Run the following command in the test pod created:

‍

curl 169.254.169.254/latest/meta-data/iam/security-credentials/

‍

You should get myrole as the response to this API.

I highly recommend tailing the logs of the Kube2iam pod running on that node in order to gain a deeper understanding of how and when the API calls are being intercepted. Once the setup works as expected, you should turn off verbosity in the Kube2iam deployment in order to avoid bombarding your logging backend.

‍

Kiam

While very helpful, Kube2iam has two major issues that Kiam aims to resolve:

Data races under load condition: When you have very high spikes in application load and there are several pods in the cluster, sometimes Kube2iam returns incorrect credentials to those pods. The GitHub issue can be referenced here.
Pre-fetch credentials: Access credentials are assigned to the IAM role specified in the pod spec before the container processes boots in the pod. By assigning the credentials before, Kiam reduces start latency and improves reliability.
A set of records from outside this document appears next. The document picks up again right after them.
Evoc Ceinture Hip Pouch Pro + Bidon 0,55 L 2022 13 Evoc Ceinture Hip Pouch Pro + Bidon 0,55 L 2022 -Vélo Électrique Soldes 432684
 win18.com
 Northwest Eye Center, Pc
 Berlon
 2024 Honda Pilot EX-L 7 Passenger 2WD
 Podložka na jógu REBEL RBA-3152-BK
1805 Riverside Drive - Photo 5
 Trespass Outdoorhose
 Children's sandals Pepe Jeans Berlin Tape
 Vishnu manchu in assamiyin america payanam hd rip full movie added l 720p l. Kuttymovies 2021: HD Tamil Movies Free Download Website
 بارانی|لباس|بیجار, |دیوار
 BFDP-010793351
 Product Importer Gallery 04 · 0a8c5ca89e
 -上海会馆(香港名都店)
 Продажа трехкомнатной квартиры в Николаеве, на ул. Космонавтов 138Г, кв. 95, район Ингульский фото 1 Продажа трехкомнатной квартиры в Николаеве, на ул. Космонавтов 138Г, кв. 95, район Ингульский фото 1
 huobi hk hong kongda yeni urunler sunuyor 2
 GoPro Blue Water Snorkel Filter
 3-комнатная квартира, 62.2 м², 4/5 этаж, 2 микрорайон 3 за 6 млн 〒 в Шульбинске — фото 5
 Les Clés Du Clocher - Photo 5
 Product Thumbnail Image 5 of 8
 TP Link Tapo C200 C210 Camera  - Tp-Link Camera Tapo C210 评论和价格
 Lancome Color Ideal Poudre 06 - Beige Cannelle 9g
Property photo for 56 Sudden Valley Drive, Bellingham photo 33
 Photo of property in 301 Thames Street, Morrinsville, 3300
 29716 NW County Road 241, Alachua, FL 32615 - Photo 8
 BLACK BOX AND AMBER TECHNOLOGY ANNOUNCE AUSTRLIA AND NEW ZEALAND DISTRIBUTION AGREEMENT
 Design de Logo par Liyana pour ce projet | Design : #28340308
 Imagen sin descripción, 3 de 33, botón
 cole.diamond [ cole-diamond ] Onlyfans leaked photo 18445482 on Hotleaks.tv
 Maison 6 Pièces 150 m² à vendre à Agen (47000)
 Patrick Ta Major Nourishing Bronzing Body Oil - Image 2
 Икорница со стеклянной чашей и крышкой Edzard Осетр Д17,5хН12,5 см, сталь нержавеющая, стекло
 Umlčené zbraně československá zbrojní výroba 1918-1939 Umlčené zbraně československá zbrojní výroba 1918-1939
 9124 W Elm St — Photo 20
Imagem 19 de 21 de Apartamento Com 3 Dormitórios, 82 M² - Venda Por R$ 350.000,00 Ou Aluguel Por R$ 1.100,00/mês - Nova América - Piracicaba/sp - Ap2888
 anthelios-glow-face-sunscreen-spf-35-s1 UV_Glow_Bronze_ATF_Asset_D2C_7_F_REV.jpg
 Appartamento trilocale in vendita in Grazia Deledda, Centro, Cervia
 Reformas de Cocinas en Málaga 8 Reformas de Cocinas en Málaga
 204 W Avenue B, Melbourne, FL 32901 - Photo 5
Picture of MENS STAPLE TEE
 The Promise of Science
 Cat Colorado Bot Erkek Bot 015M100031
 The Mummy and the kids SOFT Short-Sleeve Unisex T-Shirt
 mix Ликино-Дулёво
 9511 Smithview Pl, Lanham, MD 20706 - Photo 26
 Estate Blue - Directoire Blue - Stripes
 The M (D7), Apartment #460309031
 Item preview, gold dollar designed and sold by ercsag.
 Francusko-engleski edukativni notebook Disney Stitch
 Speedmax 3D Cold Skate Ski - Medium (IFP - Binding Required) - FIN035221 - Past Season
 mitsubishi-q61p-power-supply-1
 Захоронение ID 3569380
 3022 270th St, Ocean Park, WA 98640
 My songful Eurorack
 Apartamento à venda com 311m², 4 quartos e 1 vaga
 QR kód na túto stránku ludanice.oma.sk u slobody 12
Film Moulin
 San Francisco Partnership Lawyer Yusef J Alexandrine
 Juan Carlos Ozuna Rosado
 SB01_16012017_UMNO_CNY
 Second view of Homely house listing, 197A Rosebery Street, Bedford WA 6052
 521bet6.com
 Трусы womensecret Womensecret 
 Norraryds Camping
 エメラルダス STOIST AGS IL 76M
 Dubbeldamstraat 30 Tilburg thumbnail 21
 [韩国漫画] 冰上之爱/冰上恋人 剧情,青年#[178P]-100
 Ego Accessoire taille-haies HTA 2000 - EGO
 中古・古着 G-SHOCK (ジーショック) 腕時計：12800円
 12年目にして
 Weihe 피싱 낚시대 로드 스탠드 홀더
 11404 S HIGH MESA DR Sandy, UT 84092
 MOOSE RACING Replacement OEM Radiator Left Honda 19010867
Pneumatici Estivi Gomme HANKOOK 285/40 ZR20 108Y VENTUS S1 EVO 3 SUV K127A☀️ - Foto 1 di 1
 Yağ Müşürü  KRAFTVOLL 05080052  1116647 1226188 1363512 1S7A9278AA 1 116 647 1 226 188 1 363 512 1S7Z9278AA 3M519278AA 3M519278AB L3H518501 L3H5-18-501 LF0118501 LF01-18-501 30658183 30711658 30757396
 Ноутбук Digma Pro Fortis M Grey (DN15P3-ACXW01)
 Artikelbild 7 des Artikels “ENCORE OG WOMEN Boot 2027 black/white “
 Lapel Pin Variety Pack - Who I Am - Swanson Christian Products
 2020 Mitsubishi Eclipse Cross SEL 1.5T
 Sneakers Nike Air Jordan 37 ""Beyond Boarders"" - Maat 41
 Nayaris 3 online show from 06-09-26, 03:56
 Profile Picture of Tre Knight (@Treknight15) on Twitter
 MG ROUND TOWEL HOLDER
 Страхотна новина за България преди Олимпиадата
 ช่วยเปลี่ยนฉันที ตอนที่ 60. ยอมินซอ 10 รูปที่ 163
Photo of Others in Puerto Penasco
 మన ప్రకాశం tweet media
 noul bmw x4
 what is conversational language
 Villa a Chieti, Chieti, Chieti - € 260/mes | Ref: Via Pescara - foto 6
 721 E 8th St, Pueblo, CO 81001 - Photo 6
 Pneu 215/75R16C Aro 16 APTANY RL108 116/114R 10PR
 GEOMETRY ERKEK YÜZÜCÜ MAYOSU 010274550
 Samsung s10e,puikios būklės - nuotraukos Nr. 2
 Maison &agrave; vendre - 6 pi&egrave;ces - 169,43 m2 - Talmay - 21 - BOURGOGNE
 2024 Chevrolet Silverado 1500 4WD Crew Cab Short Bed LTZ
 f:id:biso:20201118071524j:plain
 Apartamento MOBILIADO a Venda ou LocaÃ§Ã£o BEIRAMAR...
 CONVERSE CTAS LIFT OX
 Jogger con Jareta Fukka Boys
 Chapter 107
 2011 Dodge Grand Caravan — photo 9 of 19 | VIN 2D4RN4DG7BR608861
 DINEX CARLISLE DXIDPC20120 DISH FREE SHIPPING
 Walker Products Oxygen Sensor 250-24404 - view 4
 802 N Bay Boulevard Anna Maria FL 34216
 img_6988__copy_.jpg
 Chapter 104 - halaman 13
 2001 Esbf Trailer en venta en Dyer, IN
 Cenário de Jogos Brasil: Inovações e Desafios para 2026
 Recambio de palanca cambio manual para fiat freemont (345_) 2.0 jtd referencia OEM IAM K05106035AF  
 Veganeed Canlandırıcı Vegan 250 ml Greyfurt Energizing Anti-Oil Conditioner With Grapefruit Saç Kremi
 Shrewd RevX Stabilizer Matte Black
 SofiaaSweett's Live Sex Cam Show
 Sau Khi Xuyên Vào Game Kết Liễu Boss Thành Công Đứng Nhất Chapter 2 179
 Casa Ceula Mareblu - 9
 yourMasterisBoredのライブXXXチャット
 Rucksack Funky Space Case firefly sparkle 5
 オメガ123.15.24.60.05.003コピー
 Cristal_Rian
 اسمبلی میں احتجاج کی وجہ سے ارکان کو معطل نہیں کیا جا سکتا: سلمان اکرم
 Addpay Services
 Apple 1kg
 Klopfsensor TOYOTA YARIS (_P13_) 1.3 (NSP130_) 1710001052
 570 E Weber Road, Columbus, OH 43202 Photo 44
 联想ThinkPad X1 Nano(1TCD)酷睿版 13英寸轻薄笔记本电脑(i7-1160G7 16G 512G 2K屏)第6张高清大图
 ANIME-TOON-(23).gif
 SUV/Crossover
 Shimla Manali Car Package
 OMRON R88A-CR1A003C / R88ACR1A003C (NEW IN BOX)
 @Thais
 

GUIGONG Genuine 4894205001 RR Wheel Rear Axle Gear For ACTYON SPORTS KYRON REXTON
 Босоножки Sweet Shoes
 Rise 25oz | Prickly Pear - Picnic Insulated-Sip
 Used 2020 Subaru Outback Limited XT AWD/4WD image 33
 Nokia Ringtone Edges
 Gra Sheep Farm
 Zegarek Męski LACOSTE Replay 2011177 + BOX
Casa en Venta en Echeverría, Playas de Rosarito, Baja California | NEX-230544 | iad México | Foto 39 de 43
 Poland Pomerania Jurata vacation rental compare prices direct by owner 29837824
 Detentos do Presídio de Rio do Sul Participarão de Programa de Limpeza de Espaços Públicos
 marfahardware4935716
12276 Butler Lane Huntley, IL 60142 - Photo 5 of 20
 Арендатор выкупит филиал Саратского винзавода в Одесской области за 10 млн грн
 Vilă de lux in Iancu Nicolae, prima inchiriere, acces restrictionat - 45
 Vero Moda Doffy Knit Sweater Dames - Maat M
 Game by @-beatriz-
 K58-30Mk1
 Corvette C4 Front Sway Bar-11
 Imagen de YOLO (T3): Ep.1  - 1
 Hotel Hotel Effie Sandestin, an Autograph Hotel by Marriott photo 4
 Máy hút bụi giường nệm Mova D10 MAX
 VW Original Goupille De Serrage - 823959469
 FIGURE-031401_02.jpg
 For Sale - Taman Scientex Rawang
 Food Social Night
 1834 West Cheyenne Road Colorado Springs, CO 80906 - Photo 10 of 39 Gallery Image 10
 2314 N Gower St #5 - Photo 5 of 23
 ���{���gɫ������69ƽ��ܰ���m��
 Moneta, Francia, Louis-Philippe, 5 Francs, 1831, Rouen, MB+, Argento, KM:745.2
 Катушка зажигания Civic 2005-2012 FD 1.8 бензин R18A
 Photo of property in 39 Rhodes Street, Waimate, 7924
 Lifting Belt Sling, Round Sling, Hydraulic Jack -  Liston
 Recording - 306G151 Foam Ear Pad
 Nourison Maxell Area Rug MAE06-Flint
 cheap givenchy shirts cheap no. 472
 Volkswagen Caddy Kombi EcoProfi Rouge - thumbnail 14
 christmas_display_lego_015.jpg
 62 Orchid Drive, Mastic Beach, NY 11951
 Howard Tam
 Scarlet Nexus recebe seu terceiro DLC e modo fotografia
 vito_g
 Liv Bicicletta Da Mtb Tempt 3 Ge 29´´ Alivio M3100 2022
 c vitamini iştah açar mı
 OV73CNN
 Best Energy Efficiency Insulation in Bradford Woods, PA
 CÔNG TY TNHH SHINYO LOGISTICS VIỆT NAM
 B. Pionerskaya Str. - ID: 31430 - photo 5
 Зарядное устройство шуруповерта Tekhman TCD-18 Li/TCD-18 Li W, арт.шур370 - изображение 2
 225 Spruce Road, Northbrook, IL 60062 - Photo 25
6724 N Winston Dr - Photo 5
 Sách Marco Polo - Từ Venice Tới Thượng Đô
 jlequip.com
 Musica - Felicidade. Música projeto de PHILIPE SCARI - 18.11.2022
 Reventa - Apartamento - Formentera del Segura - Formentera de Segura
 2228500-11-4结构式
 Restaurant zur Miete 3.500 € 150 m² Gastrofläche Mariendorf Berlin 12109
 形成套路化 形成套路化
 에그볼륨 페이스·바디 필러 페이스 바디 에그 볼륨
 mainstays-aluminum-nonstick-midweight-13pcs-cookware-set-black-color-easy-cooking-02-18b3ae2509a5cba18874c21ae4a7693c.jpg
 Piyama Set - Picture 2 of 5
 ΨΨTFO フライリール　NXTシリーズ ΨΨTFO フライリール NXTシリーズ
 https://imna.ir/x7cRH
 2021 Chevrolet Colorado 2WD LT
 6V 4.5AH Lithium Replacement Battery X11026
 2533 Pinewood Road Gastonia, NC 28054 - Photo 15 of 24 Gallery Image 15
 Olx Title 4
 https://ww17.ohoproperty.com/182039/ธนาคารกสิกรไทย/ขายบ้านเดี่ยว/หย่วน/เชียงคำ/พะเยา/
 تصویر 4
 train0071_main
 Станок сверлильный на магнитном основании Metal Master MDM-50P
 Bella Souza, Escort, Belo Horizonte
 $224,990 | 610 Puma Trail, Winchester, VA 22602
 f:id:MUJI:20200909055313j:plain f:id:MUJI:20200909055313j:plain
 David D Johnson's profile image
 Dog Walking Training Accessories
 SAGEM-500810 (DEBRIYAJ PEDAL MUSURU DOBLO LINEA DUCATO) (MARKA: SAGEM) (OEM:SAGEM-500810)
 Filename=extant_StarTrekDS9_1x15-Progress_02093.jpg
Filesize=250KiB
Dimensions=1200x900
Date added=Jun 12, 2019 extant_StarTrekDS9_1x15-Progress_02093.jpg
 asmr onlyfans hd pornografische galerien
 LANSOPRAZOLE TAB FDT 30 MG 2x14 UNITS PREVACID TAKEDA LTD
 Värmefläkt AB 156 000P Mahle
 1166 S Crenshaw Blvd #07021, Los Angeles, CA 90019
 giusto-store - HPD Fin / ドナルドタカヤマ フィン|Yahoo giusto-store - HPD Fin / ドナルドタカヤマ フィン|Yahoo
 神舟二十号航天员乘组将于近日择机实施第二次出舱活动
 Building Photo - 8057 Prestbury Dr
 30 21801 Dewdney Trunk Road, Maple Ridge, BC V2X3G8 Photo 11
Additional features of Kiam include:

Use of structured logging to improve the integration into your Elacsticsearch, Logstash, Kibana (ELK) setup with pod names, roles, access key IDs, etc.
Use of metrics to track response times, cache hit rates, etc. These metrics can be readily scraped by Prometheus and rendered over Grafana.

Overall Architecture

Kiam is based on agent-server architecture.

Kiam Agent: This is the process that would typically be deployed as a DaemonSet to ensure that pods have no access to the AWS Metadata API. Instead, the Kiam agent runs an HTTP proxy which intercepts credentials requests and passes on everything else.
Kiam Server: This process is responsible for connecting the Kubernetes API servers to watch pods, and for communicating with AWS Security Token Service (STS) to request credentials. It also maintains a cache of credentials for roles currently in use by running pods, ensuring that credentials are refreshed every few minutes and stored before the pods need them.

Implementation

Similar to Kube2iam, in order for a pod to get credentials for any IAM role, that role should be specified as an annotation in the deployment manifest. Additionally, you need to specify which IAM roles can be allocated inside a particular namespace using appropriate annotations. This enhances security and lets you fine tune control of IAM roles.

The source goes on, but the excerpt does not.